The ordinary triangle inequality is immediate from—is practically identical to—the statement that a straight line is the shortest distance between two points.
The spherical triangle inequality, in any number of dimensions, is the same thing with “straight line” replaced by “great circle”. A detail that doesn’t arise for flat space is that there are two angles between two lines (whereas there is only one distance between two points in flat space), and you have to choose one that is no more than pi.
Apparently, some people can visualize more than 3 dimensions fairly easily. As for me, I use a little trick that engages the ability of my visual-spatial mind to visualize more than one object at a time.
To visualize a 6-sphere, I usually visualize a sphere of fixed size with three axes going through it. This sphere and the axes represent the higher-order dimensions. I then imagine myself somewhere in this three-dimensional space (specifically, somewhere inside the fixed sphere). I note the distance directly from the x, y, and z axes directly through me to the edge of the sphere. Each of these distances defines the radius of the ‘visible surface’ of the 6-sphere from that point in higher-order space looking from the x, y, or z axis respectively. By rotating the axes, the relative sizes of these surfaces change, and I’m guessing you can already visualize a rotating normal sphere in your mind. So you can rotate the 6-sphere in two sets of 3 dimensions fairly easily. Rotating between higher and lower dimensions is a bit more challenging, but still doable. For a 4- or 5- sphere, replace the 3-dimensional higher-order sphere with a circle, or just ignore the z axis.

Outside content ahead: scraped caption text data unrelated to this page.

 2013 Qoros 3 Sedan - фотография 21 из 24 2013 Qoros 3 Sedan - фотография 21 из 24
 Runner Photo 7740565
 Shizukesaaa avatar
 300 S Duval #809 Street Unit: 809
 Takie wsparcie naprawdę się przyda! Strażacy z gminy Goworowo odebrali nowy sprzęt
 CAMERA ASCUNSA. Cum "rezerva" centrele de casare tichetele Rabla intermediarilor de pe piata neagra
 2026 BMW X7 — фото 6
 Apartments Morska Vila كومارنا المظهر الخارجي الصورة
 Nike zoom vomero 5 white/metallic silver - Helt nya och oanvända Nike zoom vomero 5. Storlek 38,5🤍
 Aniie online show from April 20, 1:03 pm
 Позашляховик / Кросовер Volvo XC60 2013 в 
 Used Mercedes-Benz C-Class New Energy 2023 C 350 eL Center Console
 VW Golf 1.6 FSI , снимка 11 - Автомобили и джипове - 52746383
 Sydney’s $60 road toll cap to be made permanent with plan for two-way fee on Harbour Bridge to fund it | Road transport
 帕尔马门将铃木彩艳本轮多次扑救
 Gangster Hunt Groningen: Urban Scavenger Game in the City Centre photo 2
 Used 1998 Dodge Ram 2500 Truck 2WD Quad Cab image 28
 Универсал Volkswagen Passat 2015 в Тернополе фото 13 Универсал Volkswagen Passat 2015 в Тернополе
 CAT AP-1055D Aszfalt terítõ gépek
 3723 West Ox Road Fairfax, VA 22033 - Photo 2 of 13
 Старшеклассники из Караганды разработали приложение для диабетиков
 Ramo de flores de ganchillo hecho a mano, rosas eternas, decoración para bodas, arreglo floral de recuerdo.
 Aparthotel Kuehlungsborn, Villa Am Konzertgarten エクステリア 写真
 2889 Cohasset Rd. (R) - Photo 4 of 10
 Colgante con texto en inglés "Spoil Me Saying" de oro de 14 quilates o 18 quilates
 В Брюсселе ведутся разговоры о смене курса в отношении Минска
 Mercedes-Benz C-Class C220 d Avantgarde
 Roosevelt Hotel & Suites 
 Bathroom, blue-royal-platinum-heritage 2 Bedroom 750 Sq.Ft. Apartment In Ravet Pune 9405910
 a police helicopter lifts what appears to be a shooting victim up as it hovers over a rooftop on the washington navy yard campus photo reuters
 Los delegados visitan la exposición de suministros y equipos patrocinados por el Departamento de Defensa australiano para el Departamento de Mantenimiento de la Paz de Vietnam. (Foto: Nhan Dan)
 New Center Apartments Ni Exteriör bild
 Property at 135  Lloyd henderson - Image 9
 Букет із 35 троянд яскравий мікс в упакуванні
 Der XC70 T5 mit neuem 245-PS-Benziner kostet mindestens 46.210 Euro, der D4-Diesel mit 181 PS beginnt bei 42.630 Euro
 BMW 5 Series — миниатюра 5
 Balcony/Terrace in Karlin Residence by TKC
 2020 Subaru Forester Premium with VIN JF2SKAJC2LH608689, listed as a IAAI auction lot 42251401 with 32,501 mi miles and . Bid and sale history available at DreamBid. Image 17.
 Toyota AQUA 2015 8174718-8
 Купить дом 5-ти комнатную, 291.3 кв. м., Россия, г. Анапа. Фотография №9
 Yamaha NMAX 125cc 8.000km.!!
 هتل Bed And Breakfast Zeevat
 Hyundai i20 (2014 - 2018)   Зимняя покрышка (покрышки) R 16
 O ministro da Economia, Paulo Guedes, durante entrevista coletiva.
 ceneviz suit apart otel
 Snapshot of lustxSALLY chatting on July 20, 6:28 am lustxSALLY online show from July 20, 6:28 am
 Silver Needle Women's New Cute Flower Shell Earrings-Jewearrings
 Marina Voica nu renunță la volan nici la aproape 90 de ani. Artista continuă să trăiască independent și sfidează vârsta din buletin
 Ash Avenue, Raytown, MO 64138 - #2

If you can figure out how to do that, you can get a feeling for the possible orientations of the angles to one another. And that actually is fairly interesting, and the first time I really understood on a gut level why r^2 is used instead of r for correlations.
Glad that works for you. I lose sight of where (0,0,1,0,0,0) is as soon as I rotate around any axis other than the z-axis, and I can never find (0,0,0,0,.707,.707) or any other point not on the reference plane for a higher-order dimension.